Gramma's life was hard. Her husband died when he was 40 and left her with three children and the rent due on a patch of worn out dirt in Lovett, Ga, a town so miserable that it doesn't even exist anymore, washed away by the O'hoopee river in a moment of tender mercy. Winter's and by default, New Year's Day were tough.

That old story about eating blackeyed peas and greens for dinner on New Year's Day bringing good luck is sort of true. It actually meant that you were lucky enough to have something to eat in the middle of winter even if it was just dried peas and greens. It meant that you had worked your field last Summer and put up peas for the Winter, and that was lucky. It meant that you had tended the turnip patch and hauled manure so that the leaves would be big enough by real cold weather that you could have fresh turnip greens all Winter when you didn't have anything else. That was lucky, too.

Gramma lived to be about 90 and was the funniest person I ever knew...Especially when she was miserable. She called unhappy people "Boresome." I remember her wiping her eyes at funerals as she told some hilarious story on the dead person. Every bad day was a new war story to be rehashed by the fire when it got real cold. Life was supposed to be about getting through it and laughing your ass off every time you got half a chance.

You know that old saying about "What doesn't Kill us only makes us stronger?" Gramma thought of those times as new material, and that was lucky for us kids, listening as we stood rotating by the open fire with one side freezing and the other side roasting in one of those old, drafty, uninsulated farmhouses that New Years Day dinner seemed to wind up at in Georgia on my Momma's side.

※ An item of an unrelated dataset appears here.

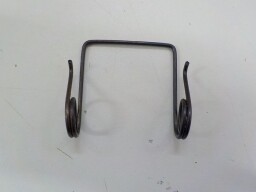 Napínací pružina spojky slabší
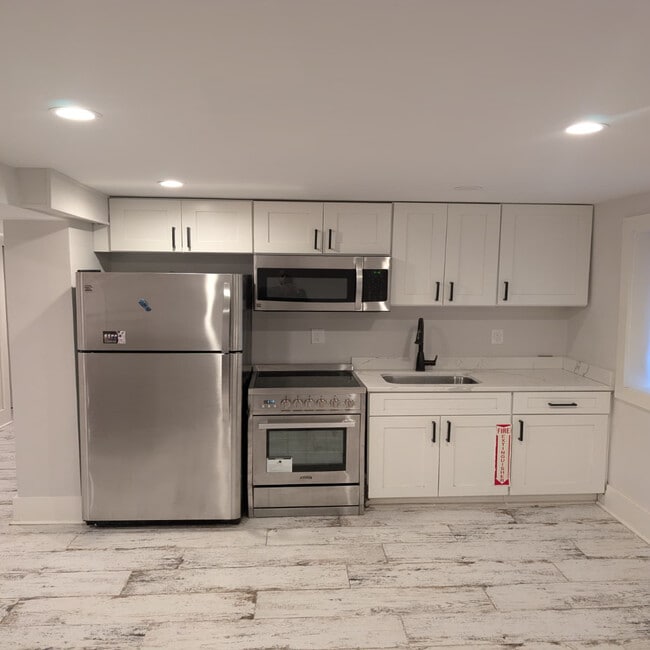 Photo - 1304 Allison St NE Unidad NE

Anyway, those folks always seemed to be happy, even when they were miserable, and they were always lucky enough to have turnip greens and black eyed peas. One thing they never had was "easy" and I'm not so sure that wasn't a lucky thing.

So my best wishes to all of you for the New Year...I don't think it's going to be easy...It might even be hard.

Maybe We'll be Lucky.

Peace,

Steve

3 comments:

  1. Anonymous1:07 PM

    Keep writing like that and you can have several helpings!

    --mountain laureate

    ReplyDelete
  2. And this is why I keep coming back to Steve's place. A dandy wordsmith is hard to find and a good storyteller even harder.

    Thanks for kickstarting my new year, Steve.

    ReplyDelete
  3. Anonymous9:59 AM

    its 13 below zero here this morning, generally referred to in these parts as "a bit chilly". Most places, there is in excess of two feet of snow on the ground, but right outside my window is a patch of bare ground about a foot square. Its a tiny patch of exposed bedrock that transmits enough heat to the surface to melt the snow. A great reminder that there is always more than meets the eye.

    All my parents and grandparents died in the very late fall or early December. I always figured it was their way of opting out of facing another northern New York winter. No - you're right - life was never meant to be easy. Laughing at ourselves is a great gift...it makes the pain bearable and gives others permission to laugh also. Keep up the good work Steve.